Building in time savers

When you are designing courses, it pays to think ahead and consider scheduling, peak weeks and workload consequences, for both teachers and students. Below, are some tips and tricks that may be helpful to have at hand when your course is still in its infancy. (Note, however, that other categories of time savers may also contain ideas that may be useful in the course-design stage.)

 

  1. Relating Learning objectives

  2. Scheduling in context

  3. Guest lectures and consultation weeks

  4. New and old

Relating learning objectives

… to each other

Once you have formulated you learning objectives (see more about this, here) , you can begin to cluster them in a variety of ways. Some will naturally go together. Others may follow from one another. Some are wholly unrelated. Knowing how learning objectives fit within the natural build-up of a course, allows you to combine them within planned activities or build on earlier activities in the course. For tutorials, try to centre classroom activities round more than one learning objective.

… to types of assignment

If you want to assess various learning objectives, see if you can come up with assignments suitable for assessing multiple learning objectives. This will be more efficient both from a design as well as from a correction-work standpoint. It has the added benefit of making your students more aware of how the formulated learning objectives fit together.

Scheduling in context

Holidays and conferences

When planning submission dates and correction work, it can be useful to have a good look at the calendar for important dates such as holidays, and conferences, and take these into account.

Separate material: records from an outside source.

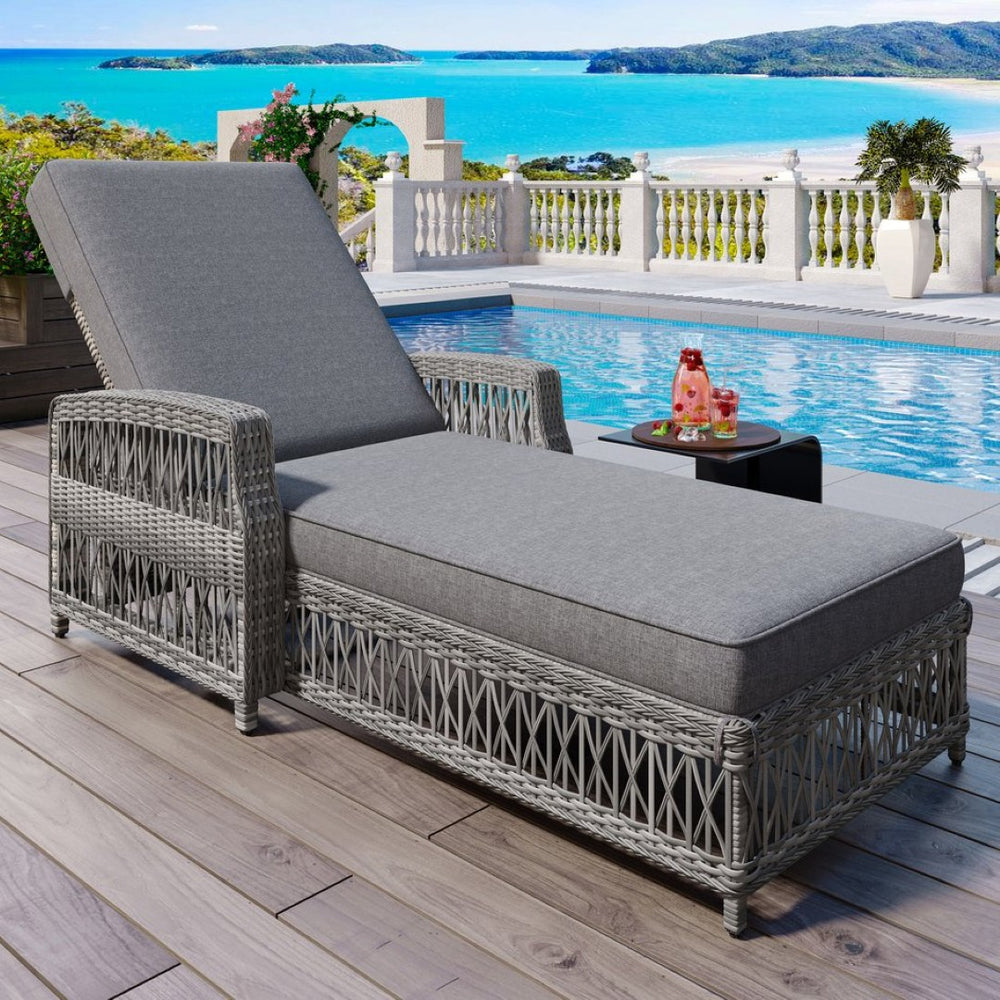 English Elm Go Outdoor Wicker Chaise Lounge Recliner with Ergonomic Armrests and Thick Cushion for Patio Grey N704P248779E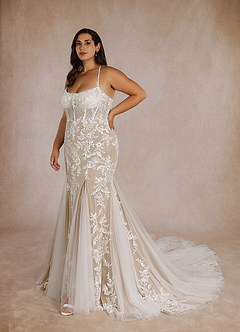 Azazie Bae Wedding Dresses Diamond White Nude Mermaid Sequins Tulle Dress image9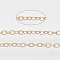 Brass Coated Iron Cable Chains, Soldered, with Spool, Flat Oval, Light Gold, 2.2x1.7x0.3mm, about 39.37 Feet(12m)/roll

These are easily forgotten, and may vary from year to year, potentially wreaking havoc with the planning of a course you think you know well.

Peak weeks and other courses

Similarly, the academic year implies that courses and exams run parallel to one another, and therefore have similar weeks in which workload peaks. Although there is often not much we can do about this, the careful planning of assignments can sometimes just take the edge off some of this workload. For instance, cumulative assignments, such as portfolios that are regularly checked, or assignments for which a draft has already been submitted before are usually less time-consuming than wholly new work. Also consider that experimental assignments that you are trying out for the first time may be less suitable for peak moments.

 

Administrative deadlines

Administrative deadlines, such as those related to Binding Study Advice for instance, can mean that certain groups of students need to be prioritised over other groups. If your workload dictates that such priorising cannot be avoided, it helps to be aware of these deadlines. In addition, you can let others (administration, line managers, etc.) know well in advance, if you suspect you will not be able to make these deadlines, so that alternative measures can be taken.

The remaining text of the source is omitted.